Extracted records

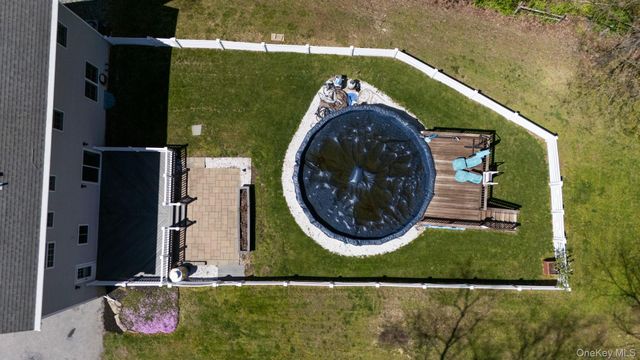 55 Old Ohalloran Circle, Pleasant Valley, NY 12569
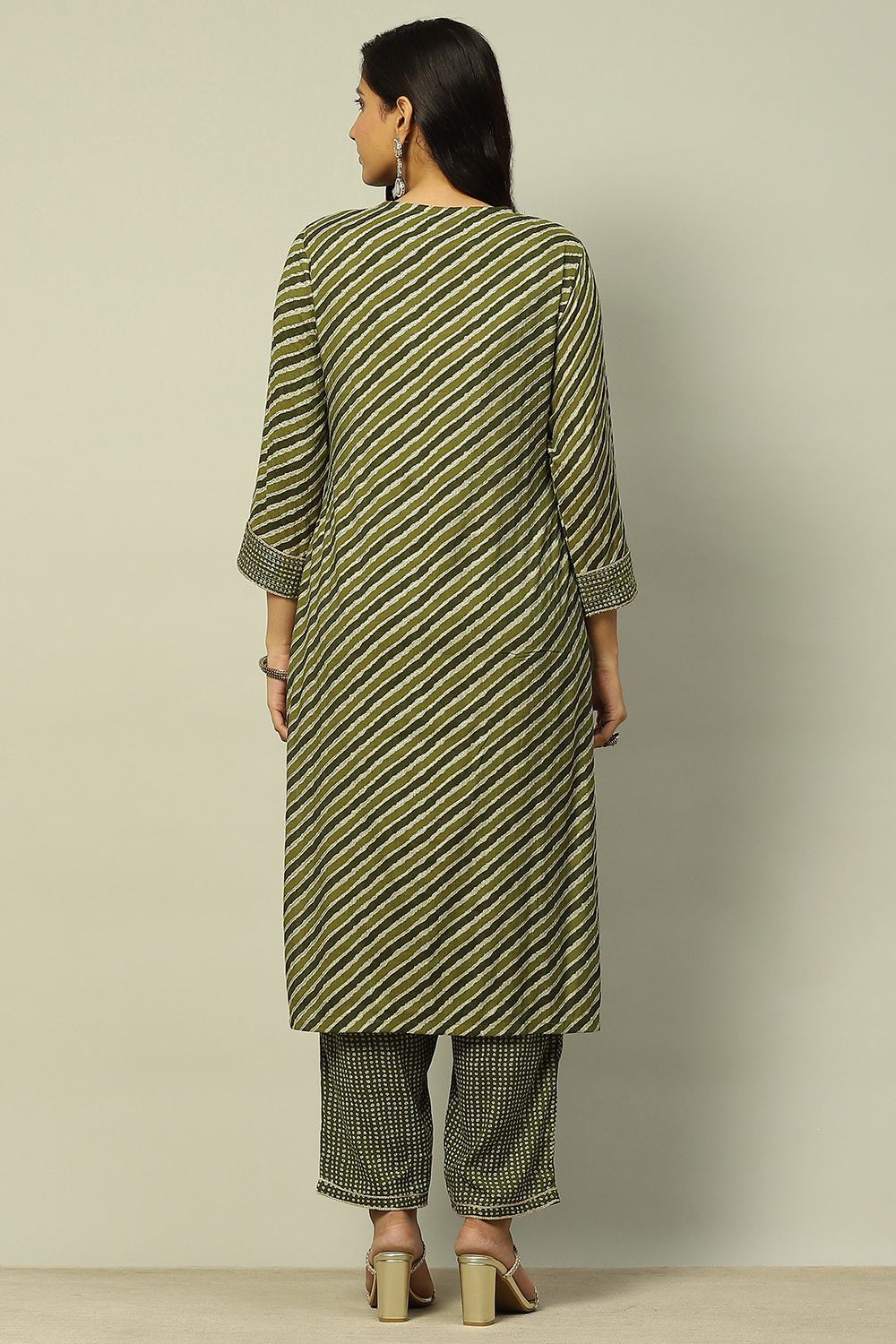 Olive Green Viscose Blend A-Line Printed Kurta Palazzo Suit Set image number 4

---

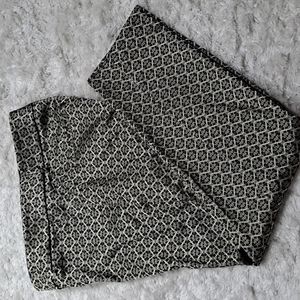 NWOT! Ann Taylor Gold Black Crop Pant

---

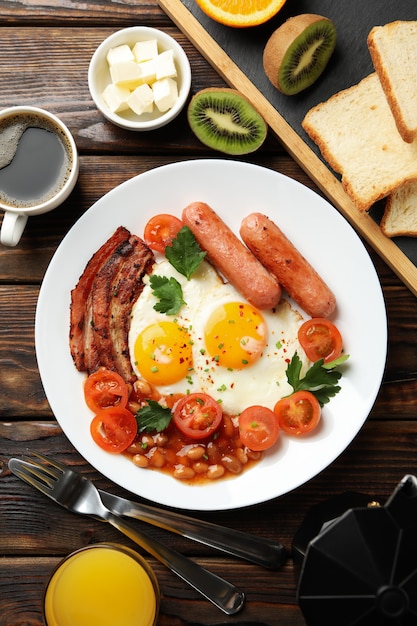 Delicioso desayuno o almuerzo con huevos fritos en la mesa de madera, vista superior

Exercise
Using the data above, copy exactly the lines from the one containing "55 Old Ohalloran" to the one containing "Olive Green Viscose", inclusive. Exclude the pictures.

Solution to this problem
 55 Old Ohalloran Circle, Pleasant Valley, NY 12569
 Olive Green Viscose Blend A-Line Printed Kurta Palazzo Suit Set image number 4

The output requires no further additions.